Below are records; transcribe each one exactly.

Data records ->
- Opening Delimiter -
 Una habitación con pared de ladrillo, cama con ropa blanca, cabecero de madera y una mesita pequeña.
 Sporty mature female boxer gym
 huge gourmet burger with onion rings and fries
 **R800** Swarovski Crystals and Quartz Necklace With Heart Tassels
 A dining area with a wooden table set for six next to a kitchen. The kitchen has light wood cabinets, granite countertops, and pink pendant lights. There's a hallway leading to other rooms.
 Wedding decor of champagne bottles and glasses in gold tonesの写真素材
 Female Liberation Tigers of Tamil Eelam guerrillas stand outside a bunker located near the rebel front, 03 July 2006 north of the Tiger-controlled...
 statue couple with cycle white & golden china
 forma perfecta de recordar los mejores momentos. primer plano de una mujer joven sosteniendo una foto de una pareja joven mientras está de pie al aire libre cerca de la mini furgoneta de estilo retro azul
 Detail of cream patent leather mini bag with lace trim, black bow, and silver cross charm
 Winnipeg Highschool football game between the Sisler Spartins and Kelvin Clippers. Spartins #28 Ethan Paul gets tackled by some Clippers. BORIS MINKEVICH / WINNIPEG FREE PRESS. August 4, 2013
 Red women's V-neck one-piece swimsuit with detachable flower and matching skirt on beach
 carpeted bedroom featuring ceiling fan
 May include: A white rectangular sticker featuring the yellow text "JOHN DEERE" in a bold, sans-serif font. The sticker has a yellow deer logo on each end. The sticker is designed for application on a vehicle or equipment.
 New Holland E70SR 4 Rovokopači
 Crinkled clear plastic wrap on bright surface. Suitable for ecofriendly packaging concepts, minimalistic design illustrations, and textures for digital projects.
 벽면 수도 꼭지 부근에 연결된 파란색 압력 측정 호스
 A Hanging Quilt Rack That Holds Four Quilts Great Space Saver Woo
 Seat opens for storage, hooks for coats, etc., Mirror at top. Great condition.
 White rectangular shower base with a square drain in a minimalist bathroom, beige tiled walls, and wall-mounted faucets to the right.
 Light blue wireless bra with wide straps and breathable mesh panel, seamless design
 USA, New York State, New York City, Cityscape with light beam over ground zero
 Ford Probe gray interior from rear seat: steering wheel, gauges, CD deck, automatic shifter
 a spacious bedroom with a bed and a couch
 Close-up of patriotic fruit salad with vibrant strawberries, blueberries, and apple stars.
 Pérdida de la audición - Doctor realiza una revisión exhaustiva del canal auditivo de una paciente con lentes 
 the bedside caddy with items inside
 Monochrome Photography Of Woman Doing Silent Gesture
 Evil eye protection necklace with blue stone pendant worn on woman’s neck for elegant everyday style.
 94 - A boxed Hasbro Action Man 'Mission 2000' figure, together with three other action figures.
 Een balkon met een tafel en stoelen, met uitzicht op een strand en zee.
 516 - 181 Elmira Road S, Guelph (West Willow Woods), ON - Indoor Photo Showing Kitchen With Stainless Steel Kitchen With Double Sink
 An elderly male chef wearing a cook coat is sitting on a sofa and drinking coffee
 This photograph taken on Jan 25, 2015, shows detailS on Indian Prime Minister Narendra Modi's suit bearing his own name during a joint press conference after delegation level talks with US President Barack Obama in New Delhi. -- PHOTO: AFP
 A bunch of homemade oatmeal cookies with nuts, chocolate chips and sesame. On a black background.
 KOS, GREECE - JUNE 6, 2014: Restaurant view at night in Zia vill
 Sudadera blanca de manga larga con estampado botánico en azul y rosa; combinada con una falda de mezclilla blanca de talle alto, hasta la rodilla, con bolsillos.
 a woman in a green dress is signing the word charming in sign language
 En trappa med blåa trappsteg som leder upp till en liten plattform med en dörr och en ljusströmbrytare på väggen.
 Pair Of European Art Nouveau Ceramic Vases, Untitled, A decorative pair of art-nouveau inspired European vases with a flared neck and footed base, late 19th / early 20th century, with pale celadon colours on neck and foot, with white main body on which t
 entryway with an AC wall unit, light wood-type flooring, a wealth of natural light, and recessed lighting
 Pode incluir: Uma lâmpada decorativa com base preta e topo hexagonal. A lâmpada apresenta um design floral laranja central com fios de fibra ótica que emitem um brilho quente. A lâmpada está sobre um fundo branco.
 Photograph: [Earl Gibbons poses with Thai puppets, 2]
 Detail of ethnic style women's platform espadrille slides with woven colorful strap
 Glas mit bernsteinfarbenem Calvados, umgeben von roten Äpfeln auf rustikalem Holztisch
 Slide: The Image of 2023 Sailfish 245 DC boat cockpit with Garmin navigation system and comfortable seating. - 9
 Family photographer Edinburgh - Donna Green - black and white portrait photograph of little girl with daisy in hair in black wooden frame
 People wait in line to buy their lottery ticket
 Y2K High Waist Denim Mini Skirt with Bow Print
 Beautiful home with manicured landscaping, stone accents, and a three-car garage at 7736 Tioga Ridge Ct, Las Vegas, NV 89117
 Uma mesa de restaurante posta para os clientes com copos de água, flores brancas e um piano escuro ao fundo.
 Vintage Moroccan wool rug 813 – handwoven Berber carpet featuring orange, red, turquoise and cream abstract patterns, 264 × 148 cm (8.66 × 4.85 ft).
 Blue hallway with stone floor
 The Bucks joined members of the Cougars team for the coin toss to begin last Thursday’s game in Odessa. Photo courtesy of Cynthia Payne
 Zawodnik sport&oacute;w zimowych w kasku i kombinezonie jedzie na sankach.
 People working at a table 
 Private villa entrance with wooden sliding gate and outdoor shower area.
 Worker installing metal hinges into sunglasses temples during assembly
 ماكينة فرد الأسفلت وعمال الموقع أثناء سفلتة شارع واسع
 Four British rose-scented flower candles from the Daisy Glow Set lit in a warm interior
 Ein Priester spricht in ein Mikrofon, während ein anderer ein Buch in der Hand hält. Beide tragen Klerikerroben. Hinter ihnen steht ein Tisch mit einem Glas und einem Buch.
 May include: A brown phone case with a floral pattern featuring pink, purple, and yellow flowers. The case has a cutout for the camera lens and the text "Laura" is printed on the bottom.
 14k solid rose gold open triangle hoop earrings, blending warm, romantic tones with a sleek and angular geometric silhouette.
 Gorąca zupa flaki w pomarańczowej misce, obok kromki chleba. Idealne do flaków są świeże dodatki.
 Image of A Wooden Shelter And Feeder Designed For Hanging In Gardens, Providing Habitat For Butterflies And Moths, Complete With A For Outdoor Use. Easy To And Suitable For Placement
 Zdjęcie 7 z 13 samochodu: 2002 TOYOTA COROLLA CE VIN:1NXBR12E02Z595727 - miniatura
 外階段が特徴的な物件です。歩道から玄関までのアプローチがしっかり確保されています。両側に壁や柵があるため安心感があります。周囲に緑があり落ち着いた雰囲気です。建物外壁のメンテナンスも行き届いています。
- Closing Delimiter -
Answer for the task ->
 Una habitación con pared de ladrillo, cama con ropa blanca, cabecero de madera y una mesita pequeña.
 Sporty mature female boxer gym
 huge gourmet burger with onion rings and fries
 **R800** Swarovski Crystals and Quartz Necklace With Heart Tassels
 A dining area with a wooden table set for six next to a kitchen. The kitchen has light wood cabinets, granite countertops, and pink pendant lights. There's a hallway leading to other rooms.
 Wedding decor of champagne bottles and glasses in gold tonesの写真素材
 Female Liberation Tigers of Tamil Eelam guerrillas stand outside a bunker located near the rebel front, 03 July 2006 north of the Tiger-controlled...
 statue couple with cycle white & golden china
 forma perfecta de recordar los mejores momentos. primer plano de una mujer joven sosteniendo una foto de una pareja joven mientras está de pie al aire libre cerca de la mini furgoneta de estilo retro azul
 Detail of cream patent leather mini bag with lace trim, black bow, and silver cross charm
 Winnipeg Highschool football game between the Sisler Spartins and Kelvin Clippers. Spartins #28 Ethan Paul gets tackled by some Clippers. BORIS MINKEVICH / WINNIPEG FREE PRESS. August 4, 2013
 Red women's V-neck one-piece swimsuit with detachable flower and matching skirt on beach
 carpeted bedroom featuring ceiling fan
 May include: A white rectangular sticker featuring the yellow text "JOHN DEERE" in a bold, sans-serif font. The sticker has a yellow deer logo on each end. The sticker is designed for application on a vehicle or equipment.
 New Holland E70SR 4 Rovokopači
 Crinkled clear plastic wrap on bright surface. Suitable for ecofriendly packaging concepts, minimalistic design illustrations, and textures for digital projects.
 벽면 수도 꼭지 부근에 연결된 파란색 압력 측정 호스
 A Hanging Quilt Rack That Holds Four Quilts Great Space Saver Woo
 Seat opens for storage, hooks for coats, etc., Mirror at top. Great condition.
 White rectangular shower base with a square drain in a minimalist bathroom, beige tiled walls, and wall-mounted faucets to the right.
 Light blue wireless bra with wide straps and breathable mesh panel, seamless design
 USA, New York State, New York City, Cityscape with light beam over ground zero
 Ford Probe gray interior from rear seat: steering wheel, gauges, CD deck, automatic shifter
 a spacious bedroom with a bed and a couch
 Close-up of patriotic fruit salad with vibrant strawberries, blueberries, and apple stars.
 Pérdida de la audición - Doctor realiza una revisión exhaustiva del canal auditivo de una paciente con lentes 
 the bedside caddy with items inside
 Monochrome Photography Of Woman Doing Silent Gesture
 Evil eye protection necklace with blue stone pendant worn on woman’s neck for elegant everyday style.
 94 - A boxed Hasbro Action Man 'Mission 2000' figure, together with three other action figures.
 Een balkon met een tafel en stoelen, met uitzicht op een strand en zee.
 516 - 181 Elmira Road S, Guelph (West Willow Woods), ON - Indoor Photo Showing Kitchen With Stainless Steel Kitchen With Double Sink
 An elderly male chef wearing a cook coat is sitting on a sofa and drinking coffee
 This photograph taken on Jan 25, 2015, shows detailS on Indian Prime Minister Narendra Modi's suit bearing his own name during a joint press conference after delegation level talks with US President Barack Obama in New Delhi. -- PHOTO: AFP
 A bunch of homemade oatmeal cookies with nuts, chocolate chips and sesame. On a black background.
 KOS, GREECE - JUNE 6, 2014: Restaurant view at night in Zia vill
 Sudadera blanca de manga larga con estampado botánico en azul y rosa; combinada con una falda de mezclilla blanca de talle alto, hasta la rodilla, con bolsillos.
 a woman in a green dress is signing the word charming in sign language
 En trappa med blåa trappsteg som leder upp till en liten plattform med en dörr och en ljusströmbrytare på väggen.
 Pair Of European Art Nouveau Ceramic Vases, Untitled, A decorative pair of art-nouveau inspired European vases with a flared neck and footed base, late 19th / early 20th century, with pale celadon colours on neck and foot, with white main body on which t
 entryway with an AC wall unit, light wood-type flooring, a wealth of natural light, and recessed lighting
 Pode incluir: Uma lâmpada decorativa com base preta e topo hexagonal. A lâmpada apresenta um design floral laranja central com fios de fibra ótica que emitem um brilho quente. A lâmpada está sobre um fundo branco.
 Photograph: [Earl Gibbons poses with Thai puppets, 2]
 Detail of ethnic style women's platform espadrille slides with woven colorful strap
 Glas mit bernsteinfarbenem Calvados, umgeben von roten Äpfeln auf rustikalem Holztisch
 Slide: The Image of 2023 Sailfish 245 DC boat cockpit with Garmin navigation system and comfortable seating. - 9
 Family photographer Edinburgh - Donna Green - black and white portrait photograph of little girl with daisy in hair in black wooden frame
 People wait in line to buy their lottery ticket
 Y2K High Waist Denim Mini Skirt with Bow Print
 Beautiful home with manicured landscaping, stone accents, and a three-car garage at 7736 Tioga Ridge Ct, Las Vegas, NV 89117
 Uma mesa de restaurante posta para os clientes com copos de água, flores brancas e um piano escuro ao fundo.
 Vintage Moroccan wool rug 813 – handwoven Berber carpet featuring orange, red, turquoise and cream abstract patterns, 264 × 148 cm (8.66 × 4.85 ft).
 Blue hallway with stone floor
 The Bucks joined members of the Cougars team for the coin toss to begin last Thursday’s game in Odessa. Photo courtesy of Cynthia Payne
 Zawodnik sport&oacute;w zimowych w kasku i kombinezonie jedzie na sankach.
 People working at a table 
 Private villa entrance with wooden sliding gate and outdoor shower area.
 Worker installing metal hinges into sunglasses temples during assembly
 ماكينة فرد الأسفلت وعمال الموقع أثناء سفلتة شارع واسع
 Four British rose-scented flower candles from the Daisy Glow Set lit in a warm interior
 Ein Priester spricht in ein Mikrofon, während ein anderer ein Buch in der Hand hält. Beide tragen Klerikerroben. Hinter ihnen steht ein Tisch mit einem Glas und einem Buch.
 May include: A brown phone case with a floral pattern featuring pink, purple, and yellow flowers. The case has a cutout for the camera lens and the text "Laura" is printed on the bottom.
 14k solid rose gold open triangle hoop earrings, blending warm, romantic tones with a sleek and angular geometric silhouette.
 Gorąca zupa flaki w pomarańczowej misce, obok kromki chleba. Idealne do flaków są świeże dodatki.
 Image of A Wooden Shelter And Feeder Designed For Hanging In Gardens, Providing Habitat For Butterflies And Moths, Complete With A For Outdoor Use. Easy To And Suitable For Placement
 Zdjęcie 7 z 13 samochodu: 2002 TOYOTA COROLLA CE VIN:1NXBR12E02Z595727 - miniatura
 外階段が特徴的な物件です。歩道から玄関までのアプローチがしっかり確保されています。両側に壁や柵があるため安心感があります。周囲に緑があり落ち着いた雰囲気です。建物外壁のメンテナンスも行き届いています。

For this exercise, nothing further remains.